:: Problem details ::
Below is a listing; transcribe it exactly but without any images.

:: Task input ::
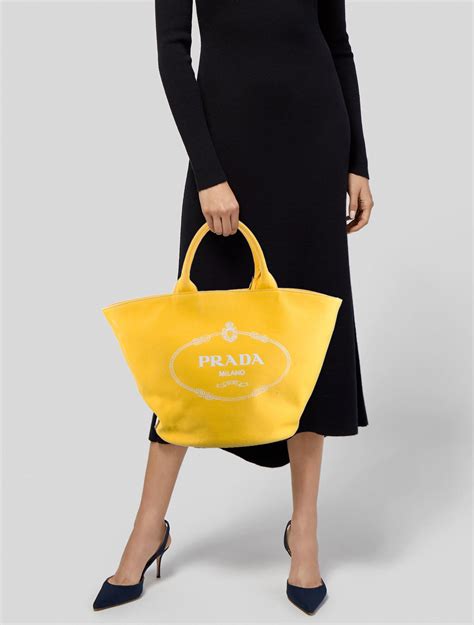 Prada Signature Canapa 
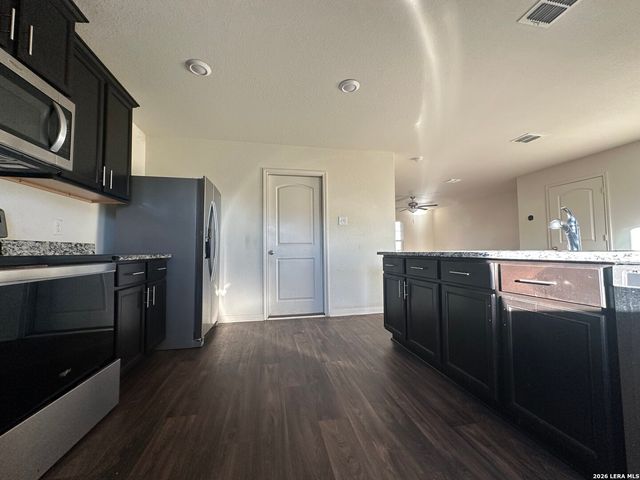 10950 MONTEREY PIKE, Converse, TX 78109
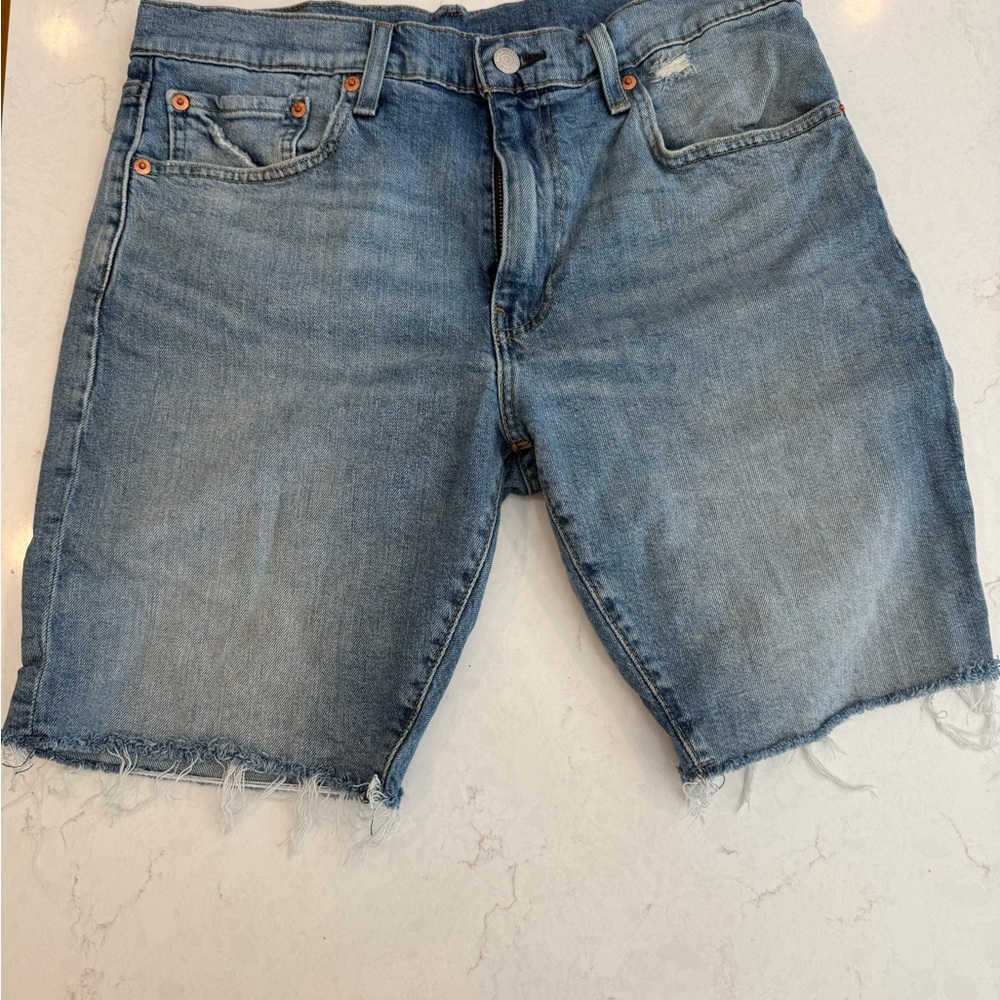 Levi’s 412 Men’s Slim Denim Shorts Cut Off Light Wash Size W33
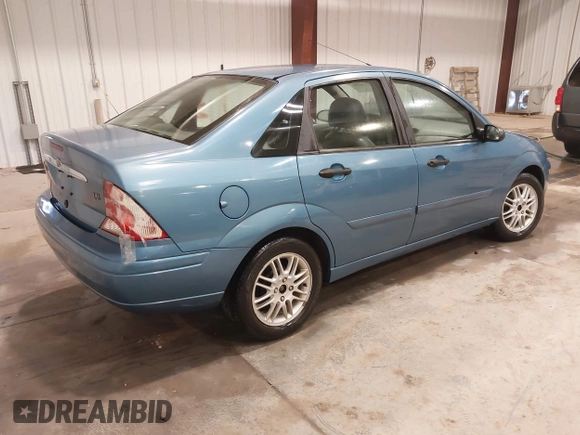 2000 Ford Focus ZTS with VIN 1FAHP3838YW153965, listed as a IAAI auction lot 42133706 with 337,552 mi miles and . Bid and sale history available at carsss.com. Image 4.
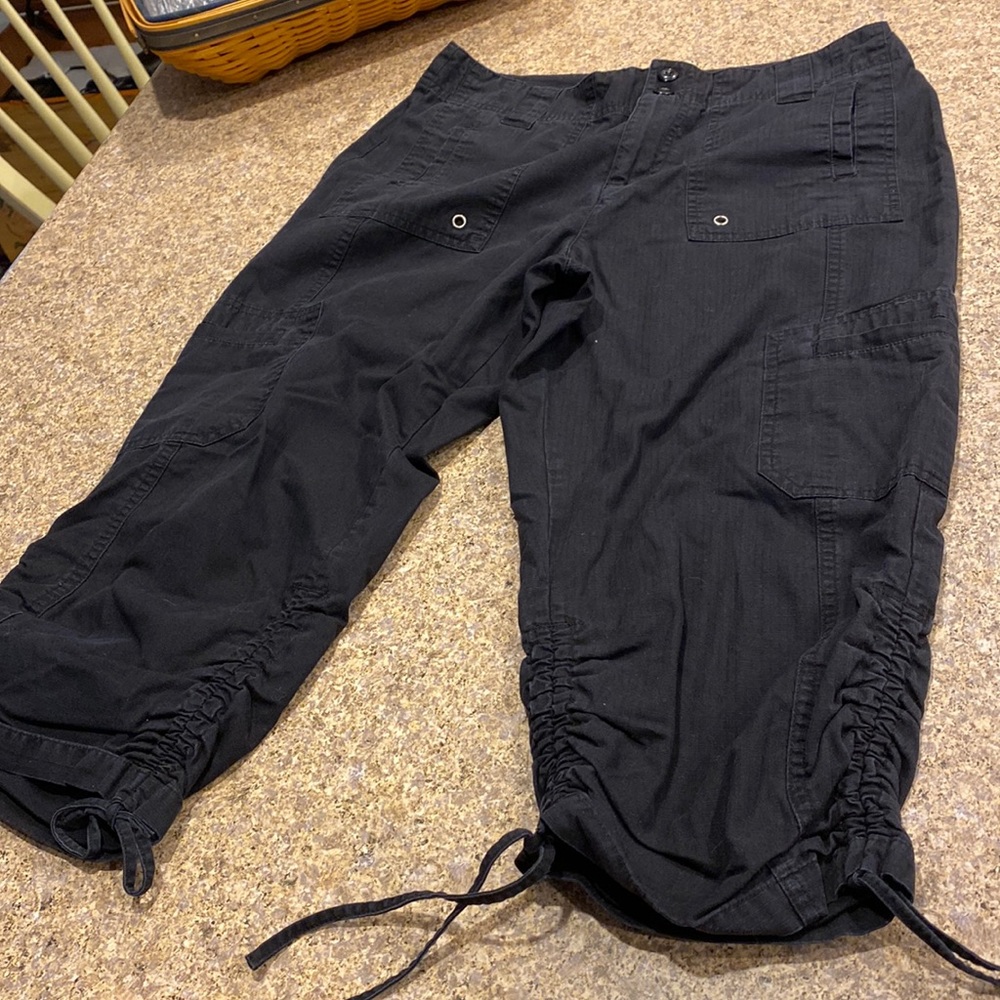 Allison Brittney Black Capri Cotton Pants Size 10
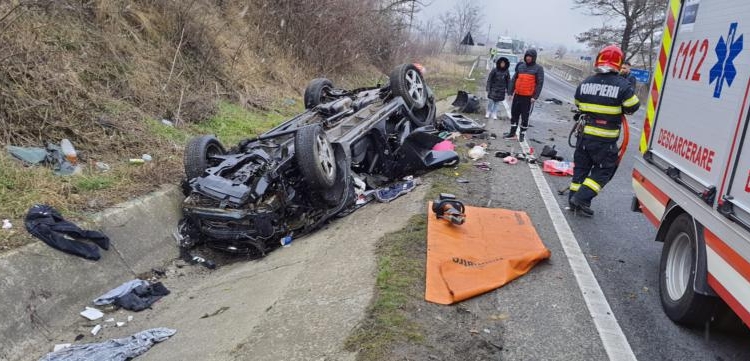 Un copil și doi adulți au ajuns la spital în urma unui grav accident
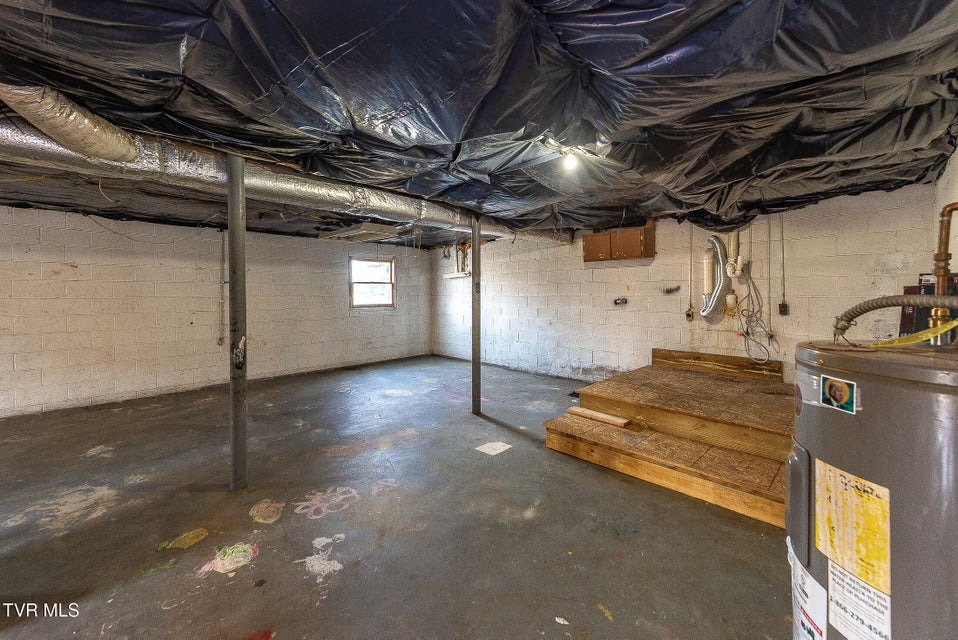 Photo #32: 2908 Cain Street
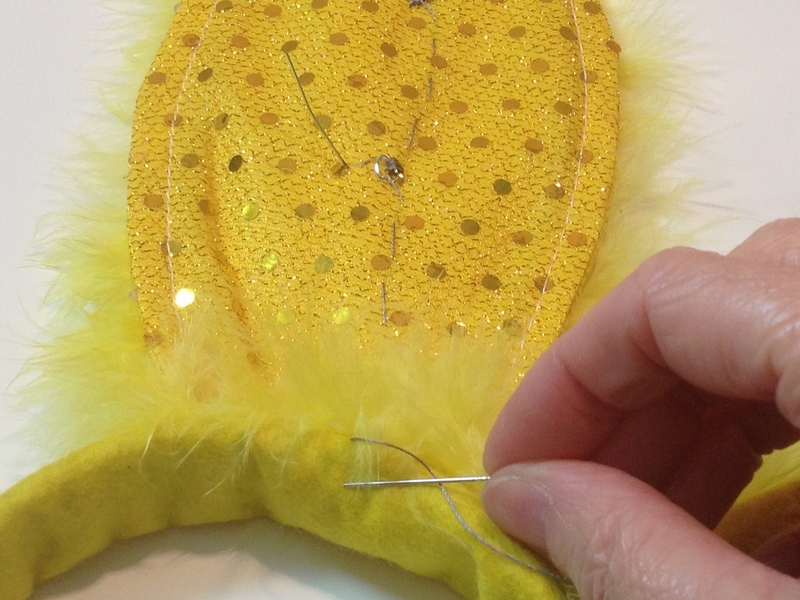 add_sewable_LEDs_to_Easter_Bunny_ears_800_07.jpg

:: Answer for this exercise ::
 Prada Signature Canapa 
 10950 MONTEREY PIKE, Converse, TX 78109
 Levi’s 412 Men’s Slim Denim Shorts Cut Off Light Wash Size W33
 2000 Ford Focus ZTS with VIN 1FAHP3838YW153965, listed as a IAAI auction lot 42133706 with 337,552 mi miles and . Bid and sale history available at carsss.com. Image 4.
 Allison Brittney Black Capri Cotton Pants Size 10
 Un copil și doi adulți au ajuns la spital în urma unui grav accident
 Photo #32: 2908 Cain Street
 add_sewable_LEDs_to_Easter_Bunny_ears_800_07.jpg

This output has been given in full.